Digital storytelling is not a unique ability, it’s merely extending ONE of the existing abilities of advertising into new opportunities provided by the features of a new platform.
The new marketing opportunities isn’t related to technology (paper is as much a technology as a browser, and TV most certainly is) or distribution. But should be the product of what the company aims to do with their time together with the customer. Are their goals best met by telling a story, igniting conversations or providing deliberate value? (Or a combination of these) Do you want awareness or preference? Do you want to affect anticipation or involve them in an experience and connect with them?
The biggest problem with “digital marketing” seems to be the term itself: “digital marketing”. What we need to do is stop talking about the features and start talking about the abilities: messages, connect or creating deliberate value.
I think we agree in the end, but technology IS important. It is important in the sense that digital technology has broken the old paradigm of broadcast mass-communications, one to many. For the first time companies and brands can use a return channel and interact with each individual that they have a relationship with.
Many companies today still do not know who buys their products and what happens with those products after they leave the shop. now and in the future, smart entrepeneurs and marketeers will be building environments where companies and customers will be (re)connected, and where the dialogue, the conversation can start.
This is what digital technology has enabled, and this is where I think we agree – technology in itself is not the goal, but it is the means by which this mass dialogue is enabled. I’d even dare calling it a platform in that sense :)
Thank you for the valuable comment Jeroen.
My point is that the focus on “digital” being a technology removes us from understanding it’s real opportunities, because in doing so we are fusing together concepts and abilities related to storytelling, conversations and utilities.
The first post in this stream suggested that digital is not a platform because there is no “digital” in consumers lives anymore (growing tendency strongly represented in the younger market). Digital and real life has become the same place – so why should we separate the two – based on what?
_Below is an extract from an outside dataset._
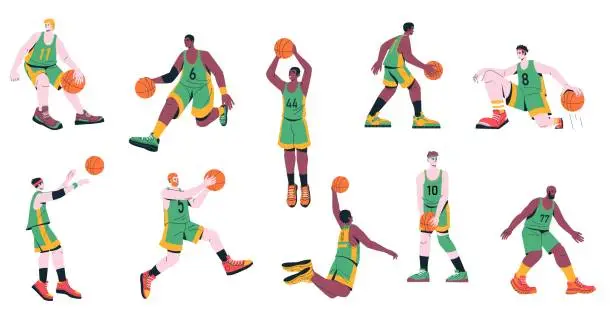 Vector illustration of Men basketball players. Set of male characters training throwing ball in basket, sport team in uniform playing game cartoon flat style. Vector collection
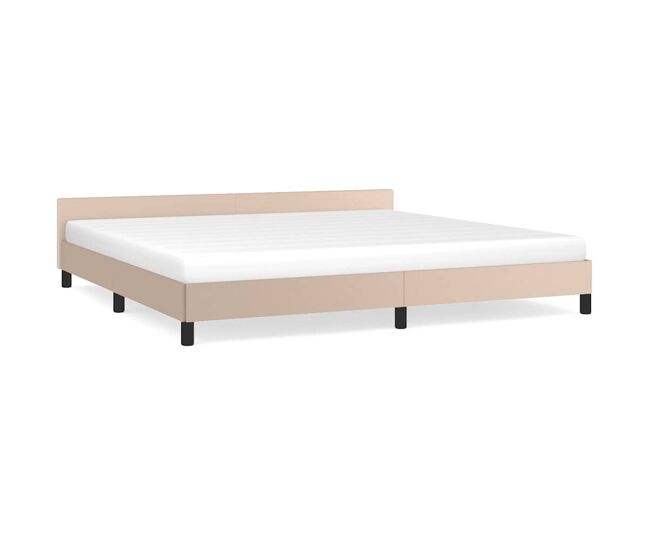 Estrutura cama de casal para adultos c/ cabeceira sem colchão 200x200 cm cappuccino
This second post wants to state that by minimizing digital to being a “platform” we loose the focus on the richness of the opportunities and abilities gained from maturing interaction with digital technology. (as you point out excellently, the “conversation” is a part of this). And muddling everything together into a terminology that is unhelpful in understanding what we are able to achieve and giving clients good enough reasons to invest.
So we are definitely on to the same thing. My point is suggesting that we rethink how we articulate the stuff we are doing every day – and at the same time trying to ad some context to it.
best :o)
Helge
Hi Helge,
I totally agree with you. I think digital is more an unnecessary obstacle for agencies than a help. People (let’s not forget that there is a person behind every consumer) don’t make a difference if something that adds value happens online or offline. Only we as marketers and advertisers like to use this distinction. It’s time to shift our attitudes towards a holistic view.
In my opinion this doesn’t happen in a lot of agencies because they pay to less attention to the context in which their customers are living in. Only when you understand the context right you will be able to come up with content that grabs the attention of people because it adds value to their everyday life or to things they love to do.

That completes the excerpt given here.